Some contracts were canceled in 2010 that hadn't started construction yet.

----

A63: Salas - Cornellana: awarded on 21 March 2007: https://www.lne.es/general/1583/adj...alas-empresa-dragados-60-millones/504117.html

----

A-32 Torreperogil - Villacarillo: awarded in December 2008: https://lasvillas.mforos.com/372624/7624890-adjudicadas-obras-autovia-torreperogil-villacarrillo/

However no construction seems to have started until at least 2016 (latest available imagery). Only some expropriation of agricultural land is visible in satellite imagery.

A-32 Villacarillo - Villanueva del Arzobispo: awarded on 30 January 2009: https://www.europapress.es/andaluci...obispo-32-mas-64-millones-20090130125340.html

However, similarly, no construction has started until at least 2016.

Construction on those two segments was announced to have restarted in July 2017: https://www.europapress.es/andaluci...zobispo-finalizacion-2019-20170718135907.html


----------



## MichiH

ChrisZwolle said:


> A-33: Caudete - A31 started on 28 May 2018: https://www.lavanguardia.com/local/...n-344-enlace-con-a-31-de-a-33-en-caudete.html


That's the neighboring section south (or west) of A31:



MichiH said:


> *A33:* Caudete (A31) – Caudete-West 7.0km (May 2018 to ?) - / OSM / _prop_ / GM / SP


----------



## adevahi

MichiH said:


> My motorway u/c list has some projects with *unknown construction start date*. I'd like to add the date when it was u/c to the best of our knowledge, e.g. indicating "<= 2017". The u/c projects with unknown construction start date are:
> 
> *(...)*
> 
> 
> 
> 
> *SE40*: Carretera de la Isla (A4) – Coria del Rio ~5.5km (? to ?) - / OSM / prop / GM / SP
> 
> 
> 
> On the list from the beginning in January 2014.
> Should I indicate "<= 2013" or does anyone have a more precise date?
Click to expand...

They started in 2009. Source: https://www.diariodesevilla.es/sevi...lleva-esperando-10-anos-rio_0_1420358521.html
North tunnels: https://www.boe.es/boe/dias/2009/06/05/pdfs/BOE-B-2009-19230.pdf
South tunnels: https://www.boe.es/boe/dias/2009/04/23/pdfs/BOE-B-2009-13215.pdf

The precise date of opening will be the 22nd September 2041.

Talking seriously, the most important highway today in all southern Spain, and some far-leftist politicians are saying now that it shouldn't be built, meanwhile other leftist politicians are saying that it must be changed the whole project and built a bridge instead of the four tunnels already projected and which their construction started. Crazy.


----------



## ChrisZwolle

It's debatable whether SE-40 should be in the list of under construction motorways. I would suggest removing it, hardly any works have been executed for that project and the last works were done ~10 years ago with no new developments since, except for reconsidering the entire project or the scope of the project.


----------



## MichiH

ChrisZwolle said:


> It's debatable whether SE-40 should be in the list of under construction motorways. I would suggest removing it, hardly any works have been executed for that project and the last works were done ~10 years ago with no new developments since, except for reconsidering the entire project or the scope of the project.

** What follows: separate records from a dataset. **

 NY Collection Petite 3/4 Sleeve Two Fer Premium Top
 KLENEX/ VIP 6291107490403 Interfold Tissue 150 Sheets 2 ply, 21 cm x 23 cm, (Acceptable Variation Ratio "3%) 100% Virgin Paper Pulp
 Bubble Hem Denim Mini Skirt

I add projects when earth works start or the construction of a bridges starts. There is even a "completed" bridge on that SE40 section: https://www.google.com/maps/@37.302444,-5.9946697,238m/data=!3m1!1e3


----------



## ChrisZwolle

A-38 Cullera - Favara: awarded in April 2008: https://www.lasprovincias.es/valencia/20080426/ribera/fomento-adjudica-obras-variante-20080426.html

----

GR-43 Pinos Puente - Atarfe: awarded in August 2008: https://www.granadahoy.com/granada/Fomento-adjudica-millones-Pinos-Puente-Atarfe_0_175783104.html


----------



## ChrisZwolle

*AS-260 Mirador del Fitu*

AS-260 is a road between Colungas and Arriondas in Asturias. It passes over an almost 600 meter high mountain pass, which has a scenic overlook, the _Mirador del Fitu_. It offers amazing views over the ocean on one side and the Cantabrian Mountains on the other.

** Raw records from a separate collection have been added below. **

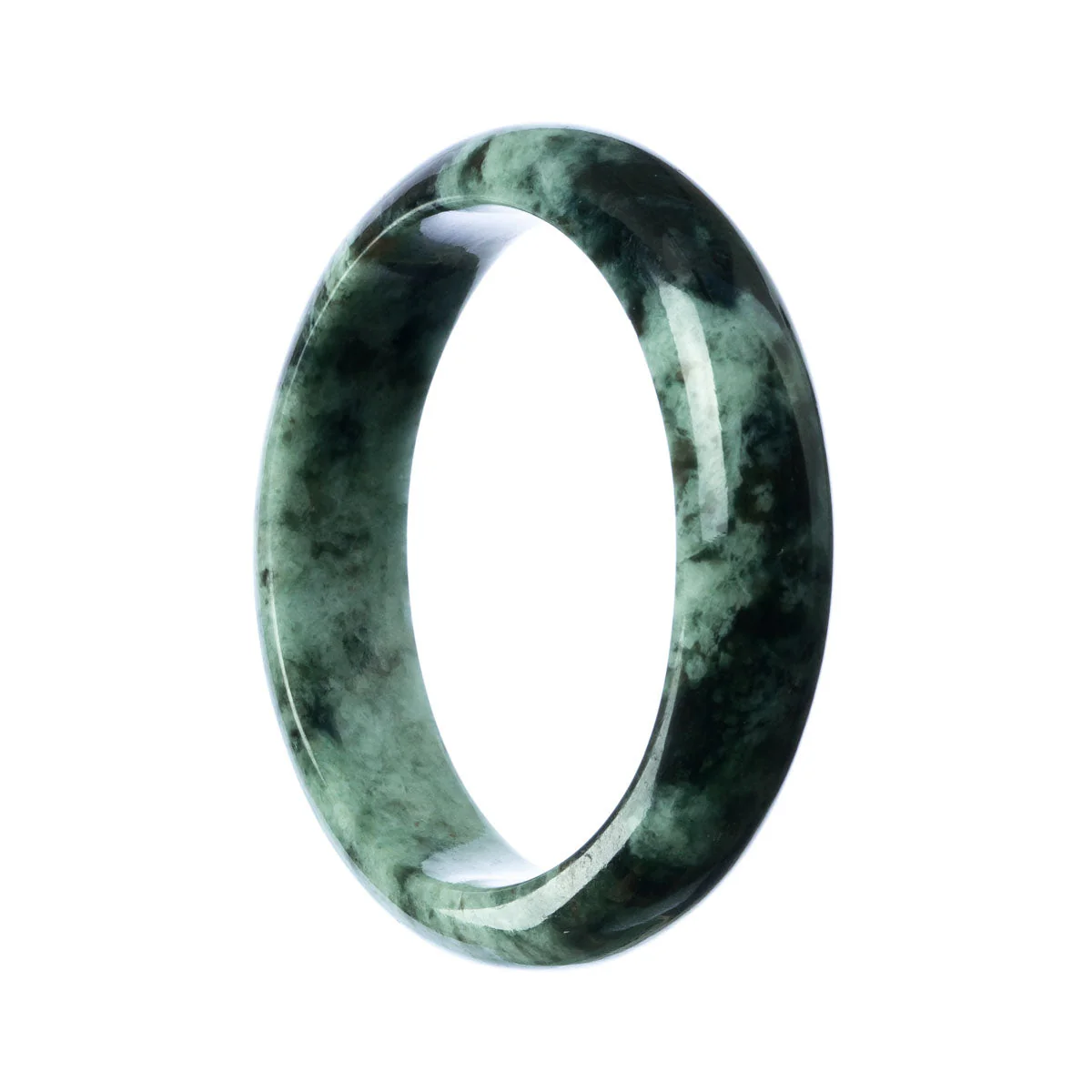Authentic Grade A Green Burmese Jade Bangle - 58mm Half Moon - Image 2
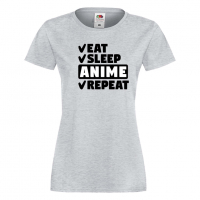 Дамска тениска Anime,Eat,Sleep,Anime,Repeat,Ядене,Спане,Подарък, снимка 5 - Тениски - 36420002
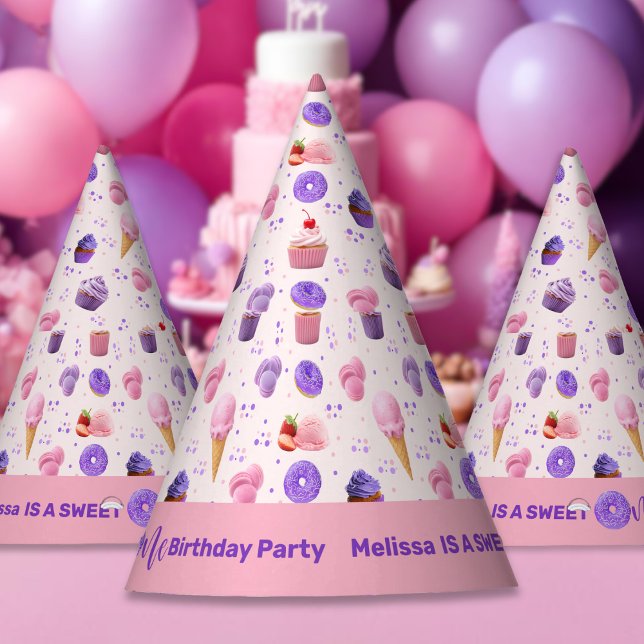 Cute Pink Purple Sweet One Girl's Birthday  Party Hat (Creator Uploaded)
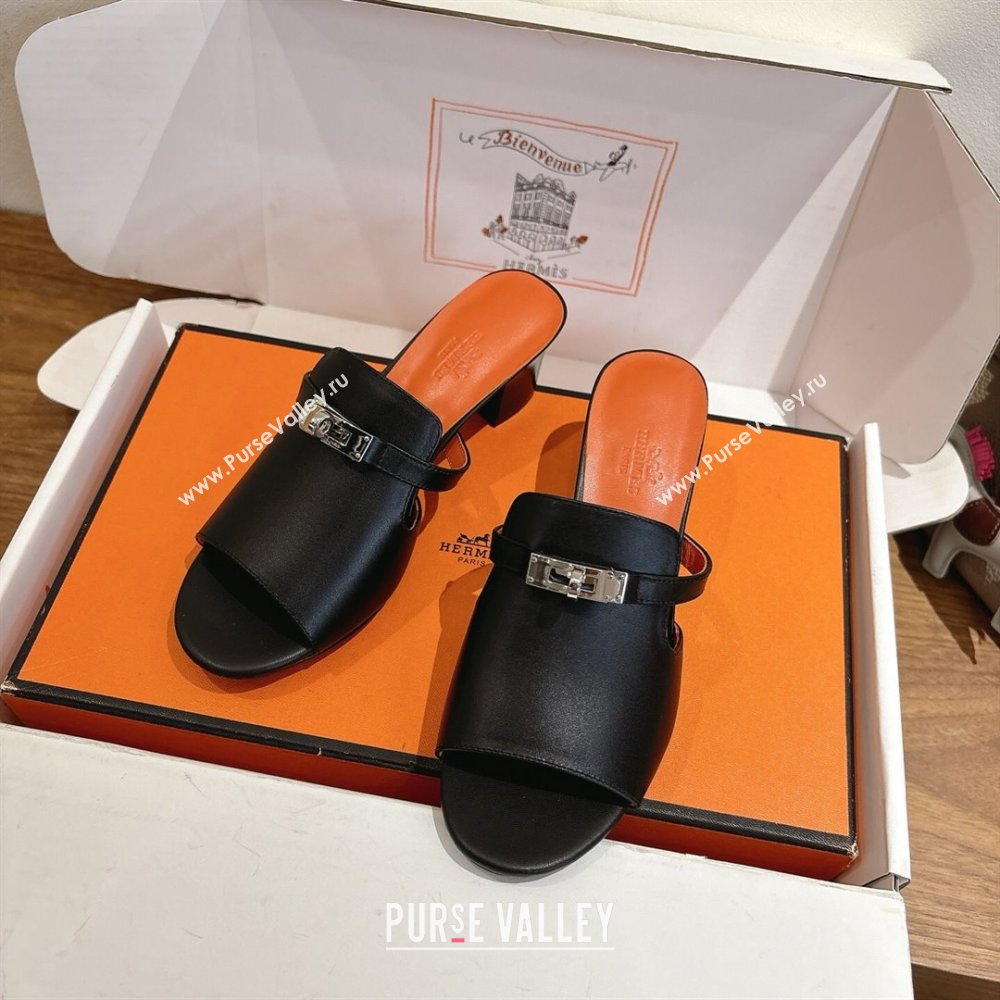 Hermes Kelly Strap Low Heel Slides Sandal in Calfskin Leather Black/Orange 2025 HS122201 (XC-251222122)
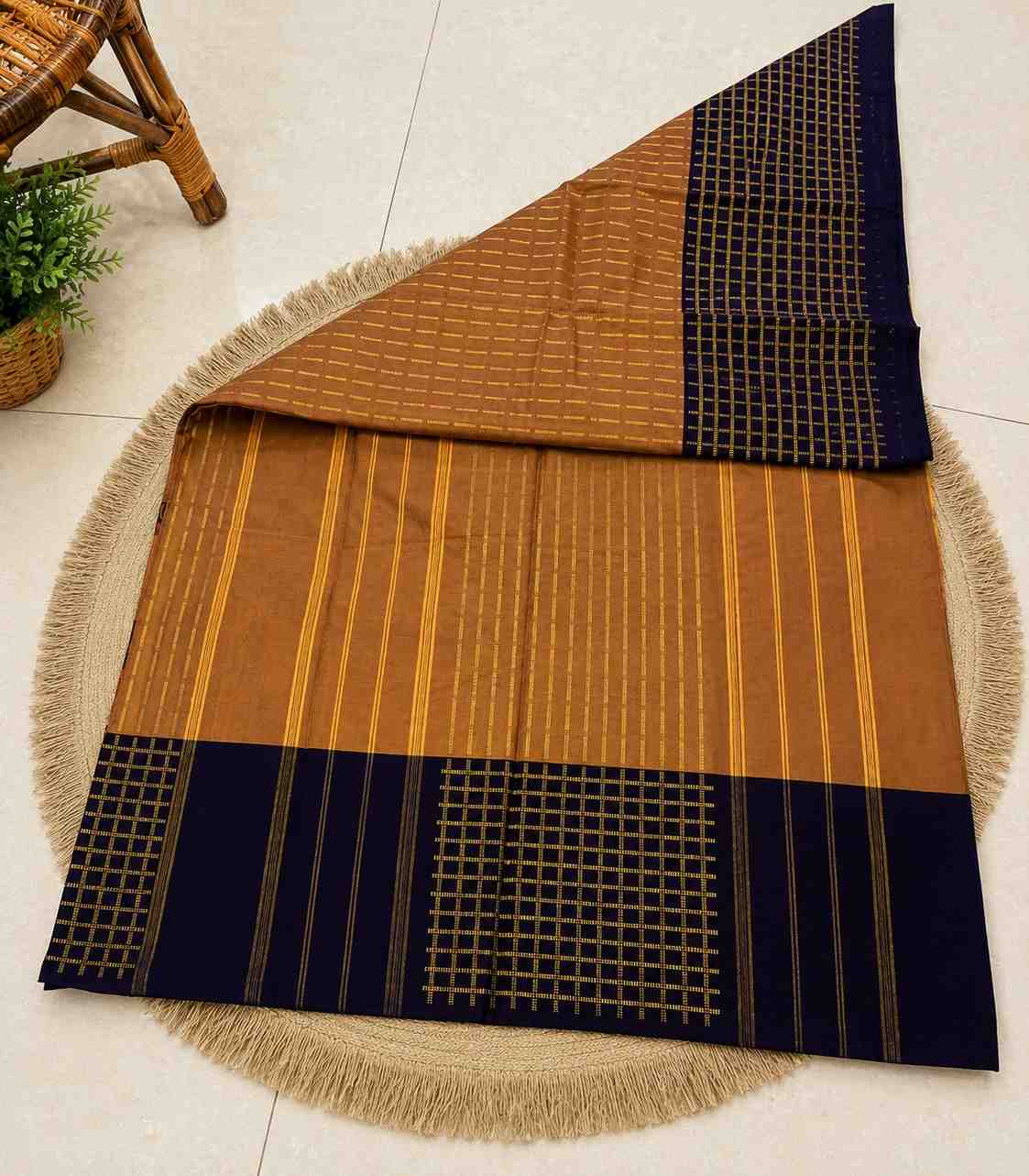 2212 Honey Gold Body with Zari Checks and the Contrasting Purple Border Saree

AS-260 Mirador del Fitu 01 by European Roads, on Flickr


AS-260 Mirador del Fitu 03 by European Roads, on Flickr


AS-260 Mirador del Fitu 07 by European Roads, on Flickr


AS-260 Mirador del Fitu 08 by European Roads, on Flickr


AS-260 Mirador del Fitu 10 by European Roads, on Flickr


----------



## CNGL

Now that we are determining dates of construction start for several sections, I suggest to list the Lanave-Sabiñanigo South section of A-23 as started in 2010 when the contract is finally awarded (and God knows when, since it's not even up for tender), since expropiations and even some works were done back then, albeit as two separate sections. Yes, this 1.5 km section which is basically two bridges was previously intended as one contract!


----------



## MichiH

^^ I don't see any construction on that section (b/n the interchanges). Contracts are for lots, not for sections. A lot can be "more" than a section or "less" than a section.


----------



## ChrisZwolle

*A-6 Madrid*

A-6 in Madrid. No traffic due to the lockdown.


----------



## adevahi

The same in all the country. This is the link for the webcams of DGT installed in some motorways (firstly click on the province, later on the roda, and lastly on the picture you want to see):
http://www.dgt.es/es/el-trafico/camaras-de-trafico/


----------



## CNGL

Note that doesn't include Catalonia or the Basque Country, as they are competent over traffic matters in their respective territories.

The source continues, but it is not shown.